Heat, dust, hill climbs and electromagnetism – ideal conditions for informative testing.
The heat certainly gives the electronics something to think about, but that’s not the whole story: the electromagnetic rays emitted by the hydroelectric plant at the Hoover Dam represent the ultimate test of strength for the functional reliability of the electronic systems on board the new 3 Series. This is why all the car’s functions – from the digital instrument cluster to the tyre pressure indicator – are tested extensively in the shadows of the huge forest of electricity pylons on the banks of Lake Mead. At the same time, another development team is putting engines, transmissions and brakes through their paces. They are even given police protection for their runs up and down the 4,000-metre-high Mount Whitney. While law enforcement secures the test route at the top and bottom of the climb, the testers hustle the prototypes time and again up the snaking roads and back down – accelerating hard and braking suddenly to a standstill with crushing frequency. The bone-dry desert roads of Death Valley and beyond also provide an ideal place to find out how effective the cars’ flaps, doors, bonnets and lids are at keeping out dust. In their test drives around the gambling hot-spot of Las Vegas, the engineers leave nothing to chance.

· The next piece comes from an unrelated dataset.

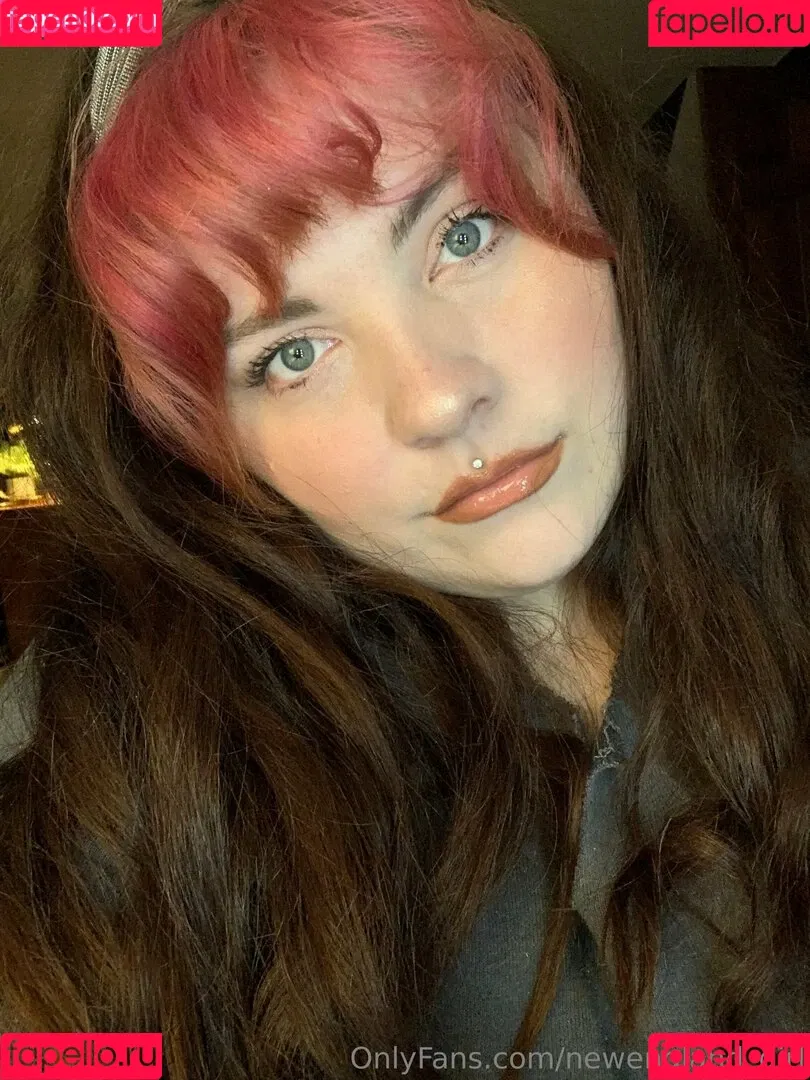newengland_girl Onlyfans Photo Gallery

There could be few greater contrasts with the hot-weather testing in the USA than what goes on at the BMW Group’s winter testing centre not far from the Arctic Circle. Arjeplog in Sweden offers the perfect conditions for a testing programme that eclipses anything day-to-day driving in central Europe, North America or Asia can throw at a car. However, Arjeplog doesn’t only give the prototypes the chance to demonstrate their imperviousness to extreme cold – it also provides the stage for the new model’s chassis controls systems to show off their full range of abilities. The closed-off expanses of ice offered by Lake Kakel and the “Mellanström-Runde”, one of the most popular test routes around Arjeplog, couldn’t be better suited for fine-tuning the DSC stability system and its myriad functions. Indeed, on this glassy surface you don’t need to drive quickly to provoke the control systems into action and therefore analyse their responses. All of which allows the link-up between DSC and the xDrive all-wheel-drive system and the interplay with the new BMW 3 Series Sedan’s M Sport differential to be refined down to the last detail under constant conditions.

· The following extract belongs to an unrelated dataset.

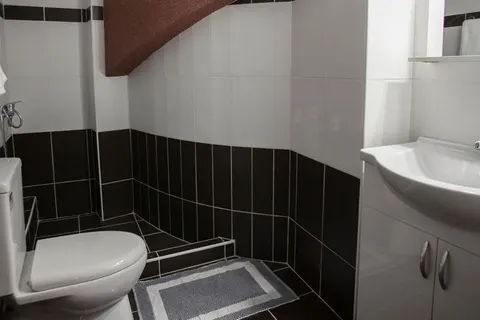 Ambrosia Suites foto 6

Here again, cutting-edge technology helps to identify and consistently eliminate weak points. If an inconsistency crops up during testing, the engineer presses a button on the small testing screen next to the transmission’s selector lever to log it for subsequent analysis. For the problem to be solved, the relevant situation has to be reproduced exactly. The vehicle data is stored on a large hard drive in the car’s boot, pored over every day and reworked.

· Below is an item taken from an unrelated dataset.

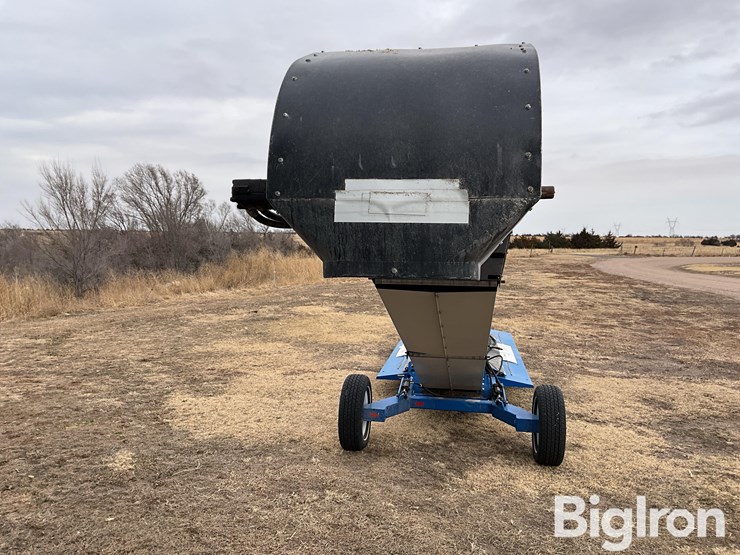 brandt-graindeck-image-6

In the north of Sweden, as in the west of the USA, the test drives carried out by the BMW development teams rarely go unnoticed. Which means that, to prevent curious onlookers from clocking too many details of the new BMW 3 Series Sedan’s design, every prototype is carefully clad in a disguise before it heads out onto public roads. In the basement of BMW’s Research and Innovation Centre (FIZ) in Munich, pre-production vehicles are kitted out with a made-to-measure and confusingly patterned cloak of camouflage. Applying the black-and-white wrap requires an expert hand and takes a whole working day to complete. Then comes the plastic cladding, which distorts the lines and surfaces of the car. The light units, sections of the window surfaces and, of course, the brand badges also get a layer of sticky camouflage. The interior needs to be hidden from sight as well. To this end, the cockpit is “curtained off” with black matting, which the test engineers partially remove at the start of testing and then painstakingly replace at every pause in proceedings – so that no prying eyes can spot or even get a photograph of the displays and controls.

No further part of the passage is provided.